My entry point is almost always sales and marketing. Businesses are struggling, and see the solution as more sales, so they look for someone who can wave a magic sales wand, and generate more revenue out of the ether.

Almost never happens that way.

Originally I studied to become an accountant. I got a piece of paper, that that never made me an accountant. Luckily, I realised my mistake before it was too late, and moved across into marketing, in the days before anyone had really heard of it. Mostly they still do not know what it is, but these days, at least they have heard of it.

I found it was easy, and I was very  good at it, so had a corporate career starting in marketing and sales that covered all functional roles, except accounting, including general management with bottom line accountability for a substantial divisional business, reporting to the group MD .

However, I was a lousy employee, because while I got stuff done, made lots of money, I was a pest who would not play the corporate game of bullshit to the left, arse cover to the right, and never admit it when you  may be wrong.

So, 22 years ago I hung my shingle as a contractor, intellectual capital for hire, wisdom on 2 feet, and promised myself, ‘no more corporate bullshit’.

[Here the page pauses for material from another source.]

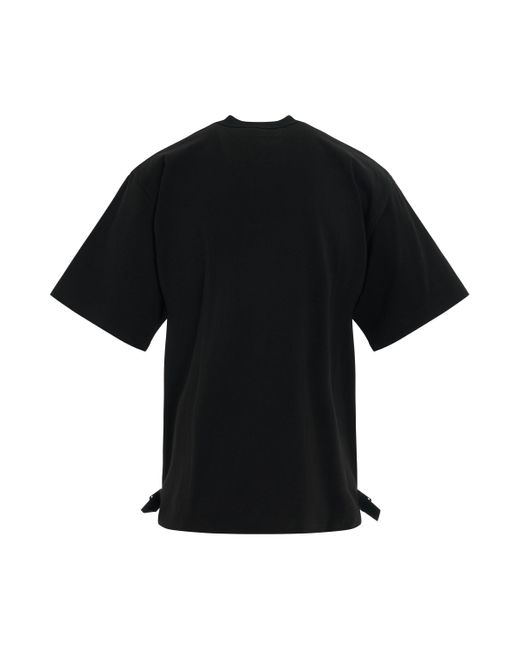 Sacai Black X Nylon Twill X Cotton Jersey T-Shirt, Round Neck, Short Sleeves, , 100% Polyester for men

I believe that unless we actually make stuff, physically produce the products others want to buy, because it adds value to their lives in some way, generally by solving a problem of some sort, we will be stuffed in the long term.

After all, how many baristas do we really need?

My corporate and subsequent experience in revenue generation, which is what I choose to call Sales and marketing, operations, numbers, logistics, and general management of manufacturing businesses gives me a platform of experience that small and medium manufacturers in this country are sorely lacking, for a range of reasons.

I look for 3 things when I go into a business as an advisor, contractor, saviour, and occasionally ‘head-kicker’.

When you go to the doctor for a check-up, feeling a bit off, he checks your blood pressure, temperature, looks in your eyes and down your throat, anything not within the normal range, he digs one level deeper.

That is what I do when assessing a business.

I look for three things:

  • Business Architecture.
  • Rhythm & Flow
  • Culture

Get these three things right, and aligned, and there will  be superior performance.

A StrategyAudit business improvement project is all about these three things, and the manner in which they can be defined, analysed and brought together to deliver the improved performance required.

So, let me explain them, or at least my view of them.

 

Business Architecture.

This is where most people and advisors spend most of their time, where all the things you can get data on reside, so to some extent they are predictable, and as improvement is made, you can see it in the numbers.

It is relatively simple, but I see it as a pyramid, which I will explain.

Architecture is how the business is built, and managed. A business is like a building, it needs  foundations, upon which the infrastructure of  the business is built.

This pyramid broken up into the four segments reflects the sequence I follow to drive improvement programs.

Foundations.

This is the stuff that no matter what else you do, the foundations must be in place for success.

A lot of it is ‘underground’ as most foundations are, nevertheless, without a solid foundation, whatever else you build, it will  not last.

Operational accounts: cash flow, P&L, Break even calculations, your ‘Why’, regulatory requirements, Business Model, Resource availability and capability, and CASH,

Different businesses require different foundation structures.

If you are going into child care, the regulatory stuff is very challenging, not so challenging if you want to be a business coach.

However, one is absolutely essential, the number one in every foundation, one word: Cash.

It is also true that the foundations wear out, become depreciated, and without renewal, which is a continuous process, you will still fail.

The advent of digital has changed forever a number of these elements and I would contend is continuing to change them. However, the reality is that the principals remain the same, it is just that the speed at which everything happens has accelerated at unprecedented rates, and continues to do so.

Revenue generation.

Marketing & sales by another name, which brushes off the silo mentality prevalent to date, and highlights the importance.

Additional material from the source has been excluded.